Pictures with short captions:
——————————

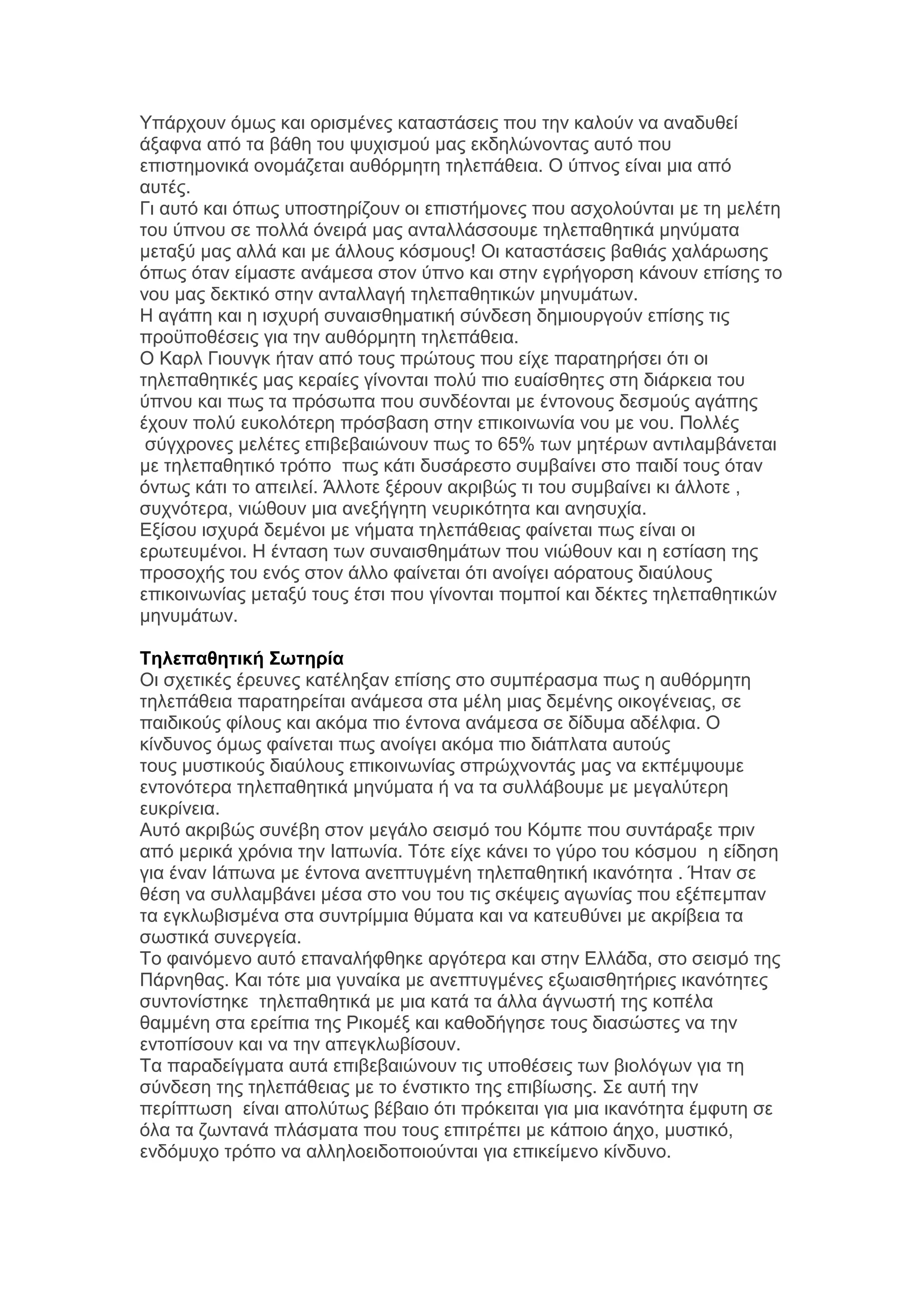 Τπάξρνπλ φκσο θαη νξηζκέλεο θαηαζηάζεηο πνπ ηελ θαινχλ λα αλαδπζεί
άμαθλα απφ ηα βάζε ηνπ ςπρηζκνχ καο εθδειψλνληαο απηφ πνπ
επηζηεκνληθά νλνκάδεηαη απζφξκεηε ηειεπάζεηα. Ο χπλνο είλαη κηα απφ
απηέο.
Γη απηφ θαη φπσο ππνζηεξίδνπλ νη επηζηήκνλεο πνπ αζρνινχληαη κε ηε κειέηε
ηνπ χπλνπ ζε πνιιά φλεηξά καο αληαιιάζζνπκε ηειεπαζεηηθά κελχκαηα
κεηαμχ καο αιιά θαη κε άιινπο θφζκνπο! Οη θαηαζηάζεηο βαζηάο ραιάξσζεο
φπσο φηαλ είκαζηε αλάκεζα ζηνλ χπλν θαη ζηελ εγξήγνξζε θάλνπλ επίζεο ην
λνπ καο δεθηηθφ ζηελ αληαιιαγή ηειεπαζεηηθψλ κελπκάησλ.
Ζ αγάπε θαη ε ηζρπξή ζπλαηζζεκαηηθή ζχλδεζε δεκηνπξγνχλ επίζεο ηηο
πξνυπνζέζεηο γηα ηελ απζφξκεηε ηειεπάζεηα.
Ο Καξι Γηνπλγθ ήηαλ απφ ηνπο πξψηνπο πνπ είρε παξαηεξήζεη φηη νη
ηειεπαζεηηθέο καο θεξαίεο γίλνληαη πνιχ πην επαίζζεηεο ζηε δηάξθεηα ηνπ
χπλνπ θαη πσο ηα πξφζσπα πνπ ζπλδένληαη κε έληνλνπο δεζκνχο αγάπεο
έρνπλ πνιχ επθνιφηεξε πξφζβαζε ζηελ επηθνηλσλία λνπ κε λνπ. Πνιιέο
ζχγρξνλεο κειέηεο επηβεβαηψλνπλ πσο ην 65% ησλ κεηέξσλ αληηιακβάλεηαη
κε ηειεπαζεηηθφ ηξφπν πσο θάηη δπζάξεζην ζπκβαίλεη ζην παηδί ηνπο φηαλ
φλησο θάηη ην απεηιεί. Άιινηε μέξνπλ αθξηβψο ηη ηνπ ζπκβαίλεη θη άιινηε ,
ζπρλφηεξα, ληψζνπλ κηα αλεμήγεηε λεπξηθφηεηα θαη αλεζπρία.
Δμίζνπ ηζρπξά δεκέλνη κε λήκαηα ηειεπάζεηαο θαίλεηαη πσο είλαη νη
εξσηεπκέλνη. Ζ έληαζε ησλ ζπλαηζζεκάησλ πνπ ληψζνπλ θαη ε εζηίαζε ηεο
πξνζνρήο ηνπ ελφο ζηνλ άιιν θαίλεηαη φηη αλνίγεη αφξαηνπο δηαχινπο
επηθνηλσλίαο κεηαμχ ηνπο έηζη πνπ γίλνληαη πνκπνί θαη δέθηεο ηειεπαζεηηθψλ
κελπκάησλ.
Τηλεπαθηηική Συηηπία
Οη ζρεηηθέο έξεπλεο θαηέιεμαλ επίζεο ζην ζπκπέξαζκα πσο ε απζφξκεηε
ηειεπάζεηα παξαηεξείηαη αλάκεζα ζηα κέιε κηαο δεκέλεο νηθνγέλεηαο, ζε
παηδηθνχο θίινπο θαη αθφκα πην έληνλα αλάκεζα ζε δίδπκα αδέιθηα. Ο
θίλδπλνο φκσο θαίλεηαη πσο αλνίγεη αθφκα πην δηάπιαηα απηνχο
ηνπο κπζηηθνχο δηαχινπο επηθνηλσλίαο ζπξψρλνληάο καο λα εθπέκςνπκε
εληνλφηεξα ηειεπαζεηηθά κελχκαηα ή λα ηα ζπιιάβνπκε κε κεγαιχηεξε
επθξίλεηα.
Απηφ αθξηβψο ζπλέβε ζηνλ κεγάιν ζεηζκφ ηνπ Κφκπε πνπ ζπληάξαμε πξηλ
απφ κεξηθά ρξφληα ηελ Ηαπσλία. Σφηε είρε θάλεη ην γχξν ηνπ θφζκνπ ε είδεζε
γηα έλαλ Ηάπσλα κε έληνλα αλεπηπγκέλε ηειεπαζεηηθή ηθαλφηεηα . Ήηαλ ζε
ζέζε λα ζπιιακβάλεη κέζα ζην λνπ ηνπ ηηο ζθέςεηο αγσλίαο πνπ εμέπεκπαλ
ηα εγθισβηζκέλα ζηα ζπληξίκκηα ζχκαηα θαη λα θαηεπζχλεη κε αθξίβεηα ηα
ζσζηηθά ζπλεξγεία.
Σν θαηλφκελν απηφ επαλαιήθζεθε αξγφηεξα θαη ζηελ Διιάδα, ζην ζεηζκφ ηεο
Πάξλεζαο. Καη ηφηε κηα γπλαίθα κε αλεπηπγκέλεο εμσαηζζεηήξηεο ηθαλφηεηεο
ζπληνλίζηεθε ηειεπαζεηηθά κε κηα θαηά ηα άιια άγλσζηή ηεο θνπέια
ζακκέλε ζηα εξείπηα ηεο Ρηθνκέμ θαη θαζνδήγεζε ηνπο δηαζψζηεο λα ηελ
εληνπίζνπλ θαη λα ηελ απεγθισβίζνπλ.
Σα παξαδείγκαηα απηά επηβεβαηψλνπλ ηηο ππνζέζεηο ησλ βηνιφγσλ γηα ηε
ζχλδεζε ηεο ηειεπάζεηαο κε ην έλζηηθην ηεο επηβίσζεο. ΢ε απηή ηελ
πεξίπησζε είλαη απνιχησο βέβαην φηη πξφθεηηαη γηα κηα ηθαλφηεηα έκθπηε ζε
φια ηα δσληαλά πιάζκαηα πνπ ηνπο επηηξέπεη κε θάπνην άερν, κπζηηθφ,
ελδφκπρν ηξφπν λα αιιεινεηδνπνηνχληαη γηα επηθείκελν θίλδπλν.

——————————

TASK TO CARRY OUT: The whole of the data needs to be copied word for word, though not its pictures.

REPLY TO THE EXERCISE:
 Τπάξρνπλ φκσο θαη νξηζκέλεο θαηαζηάζεηο πνπ ηελ θαινχλ λα αλαδπζεί
άμαθλα απφ ηα βάζε ηνπ ςπρηζκνχ καο εθδειψλνληαο απηφ πνπ
επηζηεκνληθά νλνκάδεηαη απζφξκεηε ηειεπάζεηα. Ο χπλνο είλαη κηα απφ
απηέο.
Γη απηφ θαη φπσο ππνζηεξίδνπλ νη επηζηήκνλεο πνπ αζρνινχληαη κε ηε κειέηε
ηνπ χπλνπ ζε πνιιά φλεηξά καο αληαιιάζζνπκε ηειεπαζεηηθά κελχκαηα
κεηαμχ καο αιιά θαη κε άιινπο θφζκνπο! Οη θαηαζηάζεηο βαζηάο ραιάξσζεο
φπσο φηαλ είκαζηε αλάκεζα ζηνλ χπλν θαη ζηελ εγξήγνξζε θάλνπλ επίζεο ην
λνπ καο δεθηηθφ ζηελ αληαιιαγή ηειεπαζεηηθψλ κελπκάησλ.
Ζ αγάπε θαη ε ηζρπξή ζπλαηζζεκαηηθή ζχλδεζε δεκηνπξγνχλ επίζεο ηηο
πξνυπνζέζεηο γηα ηελ απζφξκεηε ηειεπάζεηα.
Ο Καξι Γηνπλγθ ήηαλ απφ ηνπο πξψηνπο πνπ είρε παξαηεξήζεη φηη νη
ηειεπαζεηηθέο καο θεξαίεο γίλνληαη πνιχ πην επαίζζεηεο ζηε δηάξθεηα ηνπ
χπλνπ θαη πσο ηα πξφζσπα πνπ ζπλδένληαη κε έληνλνπο δεζκνχο αγάπεο
έρνπλ πνιχ επθνιφηεξε πξφζβαζε ζηελ επηθνηλσλία λνπ κε λνπ. Πνιιέο
ζχγρξνλεο κειέηεο επηβεβαηψλνπλ πσο ην 65% ησλ κεηέξσλ αληηιακβάλεηαη
κε ηειεπαζεηηθφ ηξφπν πσο θάηη δπζάξεζην ζπκβαίλεη ζην παηδί ηνπο φηαλ
φλησο θάηη ην απεηιεί. Άιινηε μέξνπλ αθξηβψο ηη ηνπ ζπκβαίλεη θη άιινηε ,
ζπρλφηεξα, ληψζνπλ κηα αλεμήγεηε λεπξηθφηεηα θαη αλεζπρία.
Δμίζνπ ηζρπξά δεκέλνη κε λήκαηα ηειεπάζεηαο θαίλεηαη πσο είλαη νη
εξσηεπκέλνη. Ζ έληαζε ησλ ζπλαηζζεκάησλ πνπ ληψζνπλ θαη ε εζηίαζε ηεο
πξνζνρήο ηνπ ελφο ζηνλ άιιν θαίλεηαη φηη αλνίγεη αφξαηνπο δηαχινπο
επηθνηλσλίαο κεηαμχ ηνπο έηζη πνπ γίλνληαη πνκπνί θαη δέθηεο ηειεπαζεηηθψλ
κελπκάησλ.
Τηλεπαθηηική Συηηπία
Οη ζρεηηθέο έξεπλεο θαηέιεμαλ επίζεο ζην ζπκπέξαζκα πσο ε απζφξκεηε
ηειεπάζεηα παξαηεξείηαη αλάκεζα ζηα κέιε κηαο δεκέλεο νηθνγέλεηαο, ζε
παηδηθνχο θίινπο θαη αθφκα πην έληνλα αλάκεζα ζε δίδπκα αδέιθηα. Ο
θίλδπλνο φκσο θαίλεηαη πσο αλνίγεη αθφκα πην δηάπιαηα απηνχο
ηνπο κπζηηθνχο δηαχινπο επηθνηλσλίαο ζπξψρλνληάο καο λα εθπέκςνπκε
εληνλφηεξα ηειεπαζεηηθά κελχκαηα ή λα ηα ζπιιάβνπκε κε κεγαιχηεξε
επθξίλεηα.
Απηφ αθξηβψο ζπλέβε ζηνλ κεγάιν ζεηζκφ ηνπ Κφκπε πνπ ζπληάξαμε πξηλ
απφ κεξηθά ρξφληα ηελ Ηαπσλία. Σφηε είρε θάλεη ην γχξν ηνπ θφζκνπ ε είδεζε
γηα έλαλ Ηάπσλα κε έληνλα αλεπηπγκέλε ηειεπαζεηηθή ηθαλφηεηα . Ήηαλ ζε
ζέζε λα ζπιιακβάλεη κέζα ζην λνπ ηνπ ηηο ζθέςεηο αγσλίαο πνπ εμέπεκπαλ
ηα εγθισβηζκέλα ζηα ζπληξίκκηα ζχκαηα θαη λα θαηεπζχλεη κε αθξίβεηα ηα
ζσζηηθά ζπλεξγεία.
Σν θαηλφκελν απηφ επαλαιήθζεθε αξγφηεξα θαη ζηελ Διιάδα, ζην ζεηζκφ ηεο
Πάξλεζαο. Καη ηφηε κηα γπλαίθα κε αλεπηπγκέλεο εμσαηζζεηήξηεο ηθαλφηεηεο
ζπληνλίζηεθε ηειεπαζεηηθά κε κηα θαηά ηα άιια άγλσζηή ηεο θνπέια
ζακκέλε ζηα εξείπηα ηεο Ρηθνκέμ θαη θαζνδήγεζε ηνπο δηαζψζηεο λα ηελ
εληνπίζνπλ θαη λα ηελ απεγθισβίζνπλ.
Σα παξαδείγκαηα απηά επηβεβαηψλνπλ ηηο ππνζέζεηο ησλ βηνιφγσλ γηα ηε
ζχλδεζε ηεο ηειεπάζεηαο κε ην έλζηηθην ηεο επηβίσζεο. ΢ε απηή ηελ
πεξίπησζε είλαη απνιχησο βέβαην φηη πξφθεηηαη γηα κηα ηθαλφηεηα έκθπηε ζε
φια ηα δσληαλά πιάζκαηα πνπ ηνπο επηηξέπεη κε θάπνην άερν, κπζηηθφ,
ελδφκπρν ηξφπν λα αιιεινεηδνπνηνχληαη γηα επηθείκελν θίλδπλν.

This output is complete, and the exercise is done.